There has to be recognition that there are some difficult clients who will complain about any service – and indeed a small minority who are malicious. The so-called “Watchdog” effect may at least partly account for the 49% increase in the number of complaints made against solicitors as reported by the Ombudsman, part of a trend that saw complaints against lawyers over all increase by 57%.

“We are living in a more consumerist age where clients and customers generally demand quicker, more efficient and cheaper services, not only from the legal profession but all service providers.

“There are vexatious complaints and we all know clients who will never be happy. One of the most important roles of the modern solicitor is managing client expectations. If a client knows what to expect and you tell them, the likelihood of a complaint is lessened”, said Alan Davies.
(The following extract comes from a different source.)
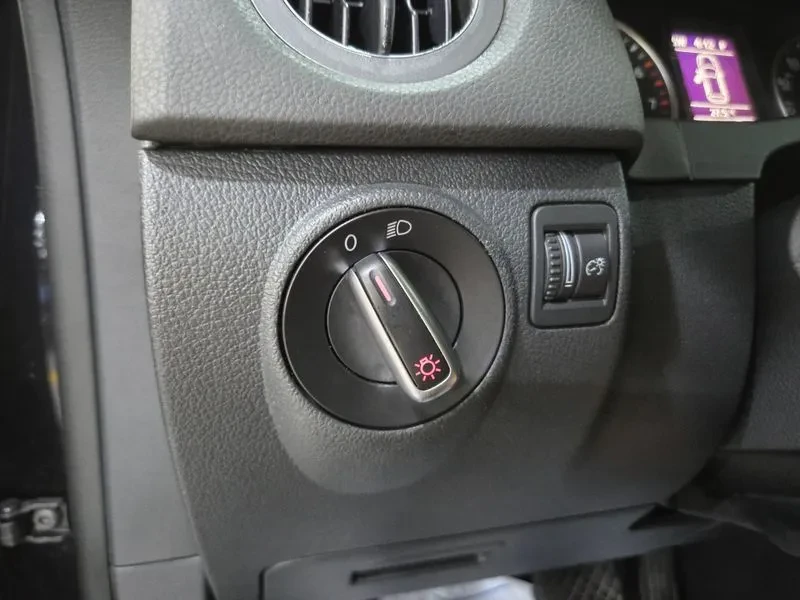 VW Tiguan 2.0 Tsi 5N, снимка 16 - Автомобили и джипове - 56112905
The Client Relations Office continues to promote the use of client relations partners, someone who will deal with all complaints to the firm in a positive way. Issues of course remain as to how sole practitioners deal with complaints and Alan Davies suggests there may be merit in exploring setting up ad hoc arrangements with other sole practitioners if that is practicable.

Yet once a complaint does reach the CRO, one of the chief criticisms made by the Ombudsman was the “complexity of the investigation process”.

“That in itself can give an impression of bias – of being more in tune with the lawyer than ordinary person”.

Ombudsman Linda Costelloe Baker went on to criticise the length of time taken to investigate complaints and remarked “in the welter of correspondence, the issues that matter most to a complainant can be overlooked”.

A pilot project designed to address these criticisms will begin soon whereby once the complaint has reached the Society, the Client Relations Officer will become actively involved in attempts to conciliate. The aim is to resolve many disputes before they go as far as the client relations committee.

‘With some complaints correspondence bats back and forward and the Society accepts that the process often takes too long and we acknowledge the criticism of the Ombudsman in that respect.

“If a complaint is dealt with speedily there is a greater prospect that the complainer will be satisfied with the outcome”, said Davies.

It might be suggested that the use of a legally qualified conciliator does nothing to resolve the problem of perceived bias and the possibility that the conciliation process will be conducted in impenetrable legalese from the complainer’s perspective. Is there a case for greater use of lay conciliators?

“We don’t want the complaints to become too technical or legalistic, but someone with a legal training is useful. We are looking at greater lay involvement, and it helps if the process isn’t dealt with solely by lawyers. Even in technical disputes a lay perspective can be helpful in getting to the essence of the complaint.”

However, while Davies recognises that the length of time taken to deal with complaints is often unacceptable, some of that can be put down to the absence of any delegated decision making power which means all decisions have to be made by the entire Council of the Society. It’s hoped that delegated powers will be introduced next year facilitating a leaner and quicker process.

In the meantime, the continuing programme of roadshows promoting the use of client relations partners, but also offering more general advice on dealing with complaints, will be available across the country.